We are Experiencing Longer than Normal Hold Times. Now that’s a Bad Excuse!

by Jeff Wiener on January 9, 2012

I’m sure we’ve all heard this before, “Your call is very important to us. Please hold and an operator will be with you shortly,” often accompanied by the explanation, “We are experiencing longer than normal hold times.” I’m likely not alone when I say to all companies out there that this has got to be one of the most frustrating messages to hear when trying to call your business.

Truthfully, if my call was as important as the automated voice says it is, you wouldn’t put me on hold for an eternity while your call centre announcement spews out this verbal garbage in regular 30 second intervals. Again, I’m sure many people reading this can sympathize with my frustration, sitting on hold for minutes if not hours waiting for an operator to help with the same nonsense playing ad nauseam.

I will admit at the outset that our company, Digitcom, is the reason that may of these announcements exist in the first place, as we’ve installed many such automated systems over the years. That said, I certainly don’t advocate putting customers on hold for anything longer than 30 seconds and I would argue that long hold times and repetitive automated messages are results of the misapplication of a helpful communications tool.

In many cases the ACD is used as a crutch for hobbled service departments to lean on or a screen for mismanaged service departments to hide behind…too many calls, too few staff, “Heck, let’s install an ACD!”

The fact of the matter is that many businesses believe that installing an ACD (automatic call distribution) system will fix an already broken service department, when the truth is that unless you do something about effectively handling calls during your peak periods, an ACD will only serve to mask the problem, not solve it. So while an ACD—and in particular the statistics it produces—can certainly help effectively manage the call centre, in many cases companies use this system as an excuse to not answer their phones.

As an example, I’ve been working with one particular organization for many years now that at one time provided fantastic customer service, answering their phones in a timely manner after never more than 5 or 6 rings. They recently installed a new phone system with an ACD and now when you call you not only hear, “Your call is very important to us, please hold” message,” but worse, the system is so poorly designed that I’ve often waited on hold for upwards of 6 minutes after which the system drops me into voicemail.

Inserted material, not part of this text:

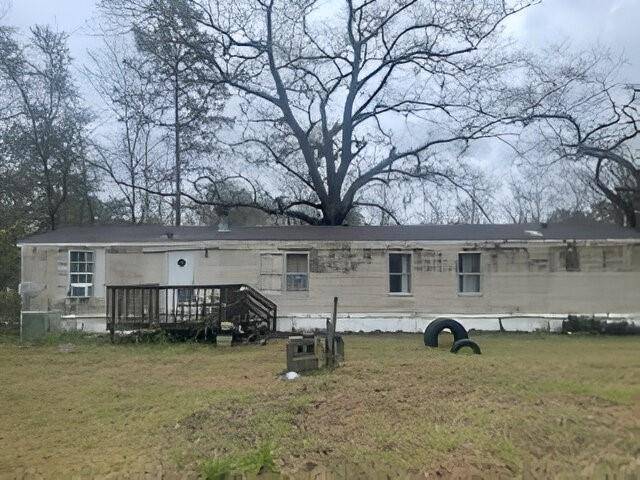 Jesup, GA 31545,400 Old Oak RD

If you haven’t guessed already, I quite frankly find this sort of business practice to be absolute garbage. Do companies really think that telling customers repeatedly that their call is very important will make anyone happier or more inclined to believe the incessant verbal diarrhea?

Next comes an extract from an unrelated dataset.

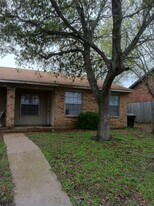1216 April Bloom in College Station, TX - Building Photo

My point in all this is that while communication technology like an ACD can demonstrably improve call centre management, misuse of the tool can actually hurt your business and infuriate your customers.

Now what does proper use of an ACD system look like? The key to remember is that the ACD doesn’t replace a human voice at the end of the line and so endeavour to answer all calls within 30 seconds. An ACD will provide you with the necessary statistics to determine your peak calling periods and then staff those hours accordingly.

Any company that knowingly makes customers wait for extended periods of time—and there are some exceptions of course—doesn’t truly respect their customers. The good news for such companies is that they’ll generally lose enough customers through sheer frustration alone that the resultant drop in call volume will reduce the net waiting period to more reasonable hold times!

So if companies aren’t listening to their frustrated customers let me be the one to say loudly and clearly that NO it isn’t okay to leave customers on hold for 6, 10, 20, or 60 minutes. Repeating the phrase “Your call is very important” doesn’t lessen the sting of having to wait on hold for the next available operator. While there is some justification for providing the explanation, “We are currently experiencing heavier than normal call volumes,” if your company uses this phrase more than 1 percent of the time then you aren’t experiencing heavier than normal call volumes, you’re simply using this phrase as an excuse. Fix the problem!